Präsident Wolodimir Selenski deutete allerdings erstmals an, dass sich die ukrainischen Truppen aus Bachmut zurückziehen könnten, falls sie Gefahr liefen, eingekreist zu werden. Allgemein wird erwartet, dass die Ukraine im Osten bald eine Gegenoffensive starten wird. Aus Kiew waren gestern erstmals Zeichen zu vernehmen, dass die ukrainische Führung nach dieser Offensive bereit sein könnte, mit Russland über die Krim zu verhandeln. Gemäss britischen Geheimdienstinformationen plant Russland derweil den Aufbau weiterer Söldnertruppen, die sich besser kontrollieren lassen als die Gruppe Wagner.
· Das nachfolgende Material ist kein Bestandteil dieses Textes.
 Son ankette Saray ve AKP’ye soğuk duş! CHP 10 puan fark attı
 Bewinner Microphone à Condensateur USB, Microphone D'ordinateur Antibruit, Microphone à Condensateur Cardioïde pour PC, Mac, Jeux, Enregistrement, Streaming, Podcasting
Die internationalen Entwicklungen: Seit Dienstag ist Finnland offizielles Mitglied der Militärallianz Nato – als 31. Land. Der finnische Aussenminister übergab die Beitrittsurkunde am Nato-Hauptquartier in Brüssel an US-Aussenminister Antony Blinken. Die Nato stellte zudem weitere Hilfe für die Ukraine in Aussicht – was dem Land den Weg zu einer dereinstigen Nato-Mitgliedschaft ebnen soll.
Russland kündigte «Gegenmassnahmen» gegen die Erweiterung der Nato an. Der russische Verteidigungsminister hat zudem bestätigt, dem verbündeten Belarus einen «atomwaffenfähigen Raketenkomplex» übergeben zu haben. Gleichzeitig gab Russland am Mittwoch bekannt, eine Schutzzone um das Atomkraftwerk Saporischschja zu unterstützen, wie sie die Internationale Atomenergiebehörde verlangt.
Zum ersten April hat Russland turnusgemäss den Vorsitz im UN-Sicherheitsrat übernommen. Selenski bezeichnete dies als «Bankrott» für den Sicherheitsrat und forderte eine Reform des Gremiums. Als am Mittwoch bei einer Sitzung des Sicherheitsrates die per internationalem Haftbefehl gesuchte Kinderrechtsbeauftragte Maria Lwowa-Belowa per Video zugeschaltet wurde, verliessen die Vertreter der USA und Grossbritanniens den Raum. Der Uno-Menschenrechtsrat hatte Russland zuvor aufgefordert, die Deportation von ukrainischen Kindern zu beenden.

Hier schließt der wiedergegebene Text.